Excellent video. I have just got one of these lathes and am so impressed at how clear you are in your videos. I would like to make some chess pieces, maybe an idea for a video of yours...?
Good idea! I’ve seen some very tiny chess pieces made on the Taig along with a tiny box to hold them and the board. Thanks for the feedback, I will get back to making some more videos soon. Chess pieces now on the list :)
Please, please do not use a file without a wooden handle on a lathe. For those who are inexperienced , if the chuck jaws catch the file even by the slightest amount the file will be kicked back and the sharp tang will peneterate your hand. A visit to A&E is not what you want on a Sunday morning or any other day for that matter. Only use a file with a well fitted round wooden handle.
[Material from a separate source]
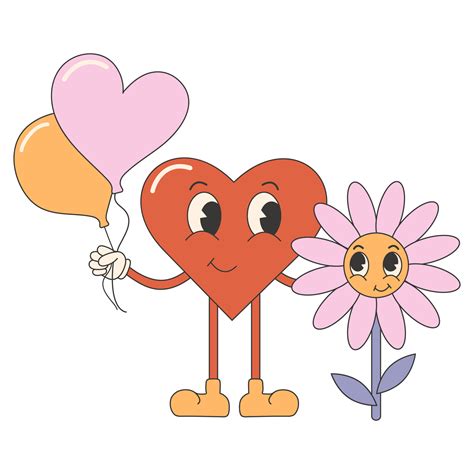 Trendy Comic Groovy Valentines Day Sticker Cute And Funny Characters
To add to this, never file reaching over the headstock, that is a really bad idea. hold the file facing the headstock opposite of how we observed in this video. One slip and you are crashing your wrist into a rotating headstock that will happily rip your hand off.
Are you still open for questions? I have a Taig 1 (?), one of the first. Shop is not more. Bought it so 30 years ago. Did not use it often and it did , looked like, ok. Love it and now I have more time for the Taig and try to improve it. But, found a few strange things in it, simply because I use it more. Missing rings, bolds that ware not properly bored or tapped and so on. Simple things but do not like them. Where can I ask for some help in this matter? You?
I've been going back and forth between getting a Taig or a Harbor Freight mini-lathe. The Taig looks like it has an excellent build quality, but as this would be my first lathe I wonder if the lack of a leadscrew and gearing would hamper my learning. Not to mention the Harbor Freight costs half as much as the Taig. Do you have any recommendation? I'm still waffling.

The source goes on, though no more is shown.